WHAT TO DO: The copy should begin at the line containing "Pink Oasis - Tableau" and end with the last line below, every line exact and no picture included.

PROVIDED MATERIAL:
_ _ _ _

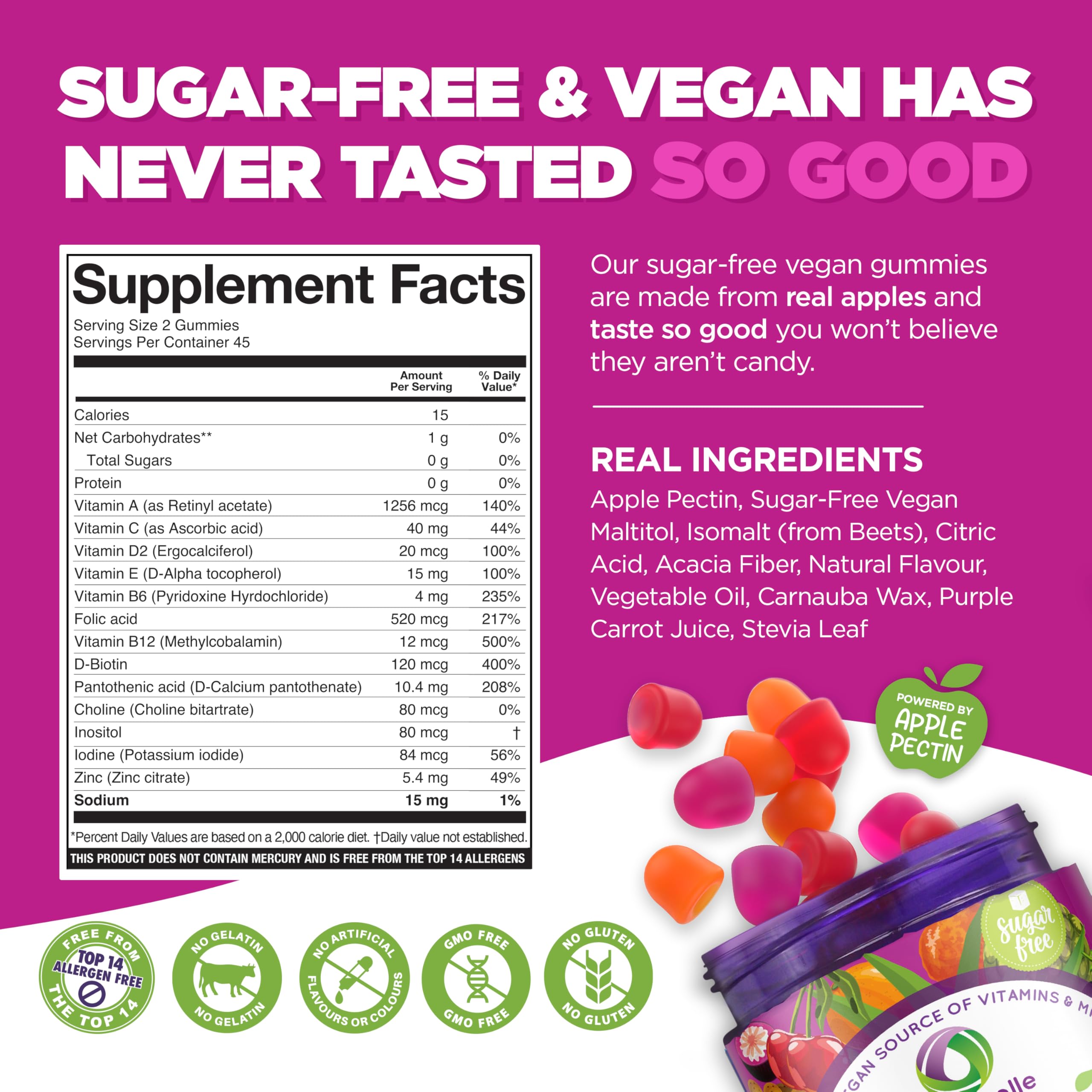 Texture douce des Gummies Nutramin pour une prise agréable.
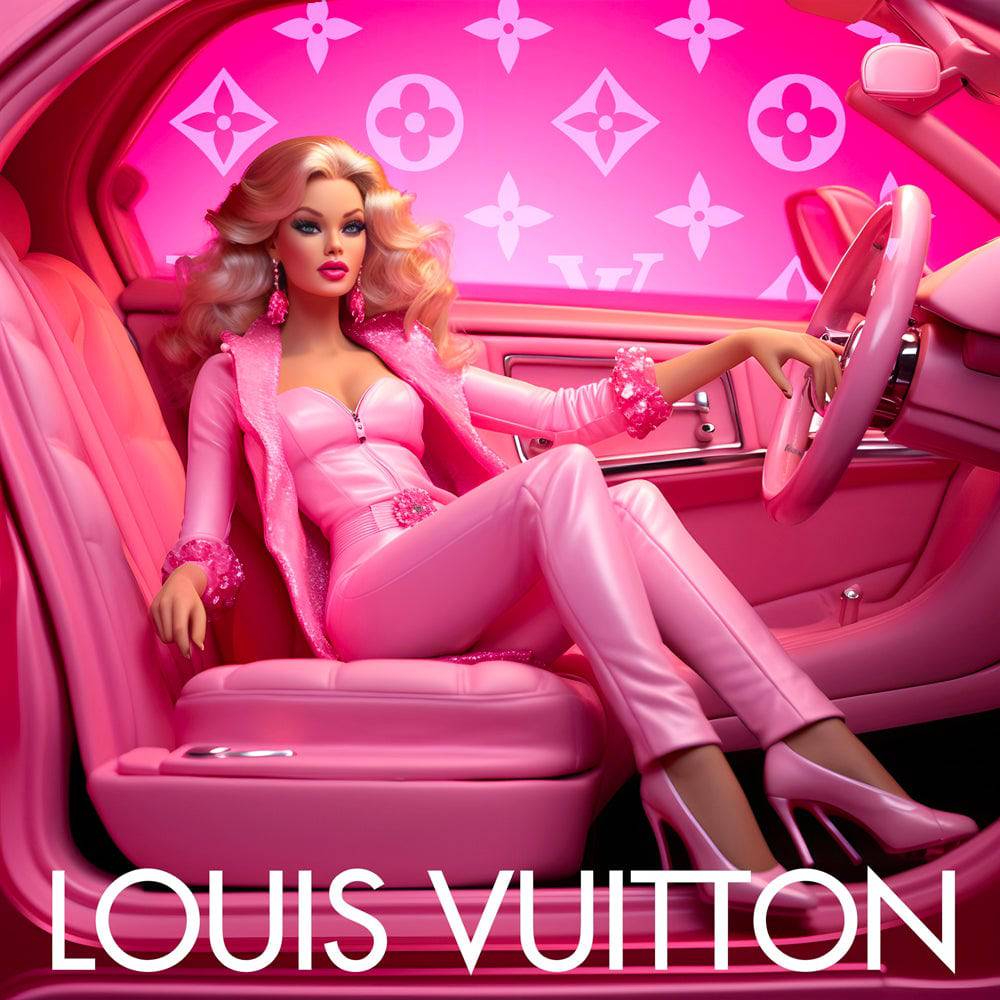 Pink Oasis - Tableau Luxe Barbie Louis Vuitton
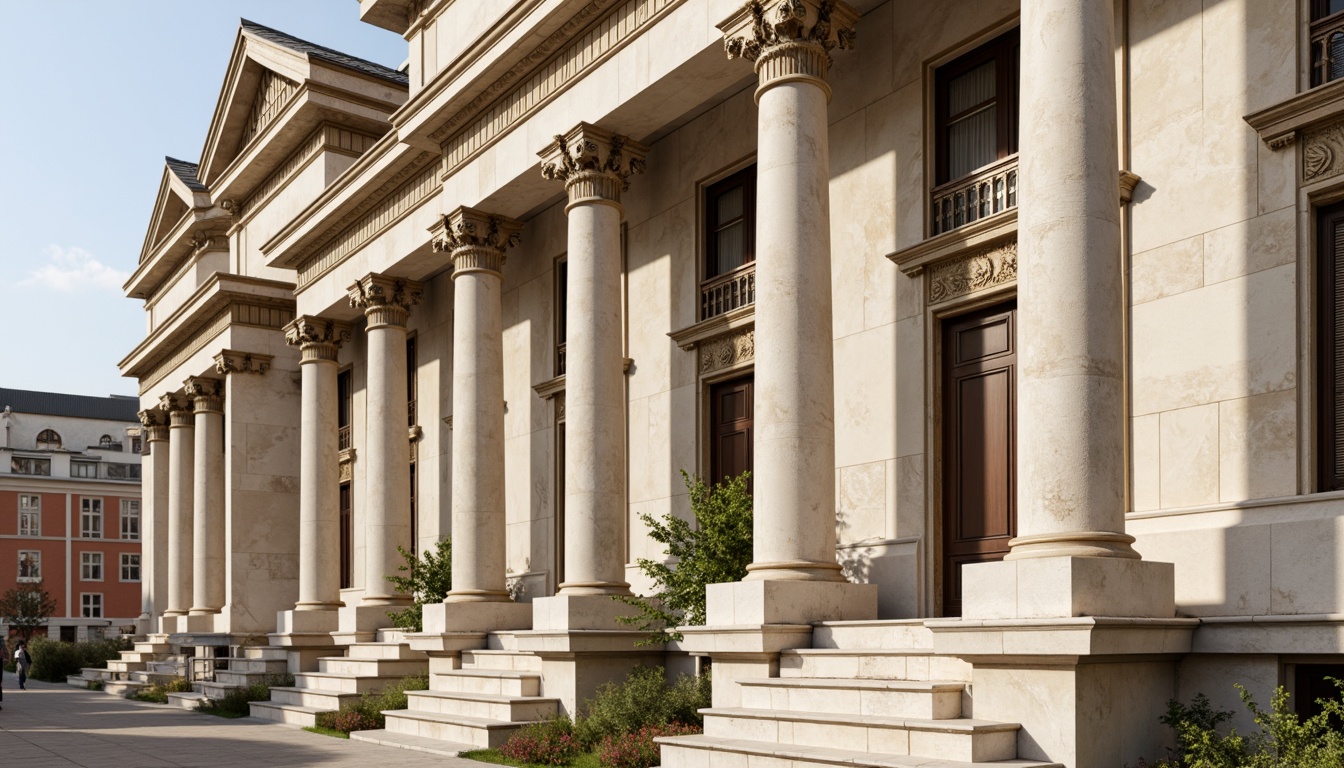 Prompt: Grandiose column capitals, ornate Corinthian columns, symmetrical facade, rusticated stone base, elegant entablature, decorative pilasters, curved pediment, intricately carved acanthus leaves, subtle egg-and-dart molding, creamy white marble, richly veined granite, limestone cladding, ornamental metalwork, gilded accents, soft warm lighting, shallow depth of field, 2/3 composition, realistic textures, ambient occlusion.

_ _ _ _

SOLUTION TO THIS EXERCISE:
 Pink Oasis - Tableau Luxe Barbie Louis Vuitton
 Prompt: Grandiose column capitals, ornate Corinthian columns, symmetrical facade, rusticated stone base, elegant entablature, decorative pilasters, curved pediment, intricately carved acanthus leaves, subtle egg-and-dart molding, creamy white marble, richly veined granite, limestone cladding, ornamental metalwork, gilded accents, soft warm lighting, shallow depth of field, 2/3 composition, realistic textures, ambient occlusion.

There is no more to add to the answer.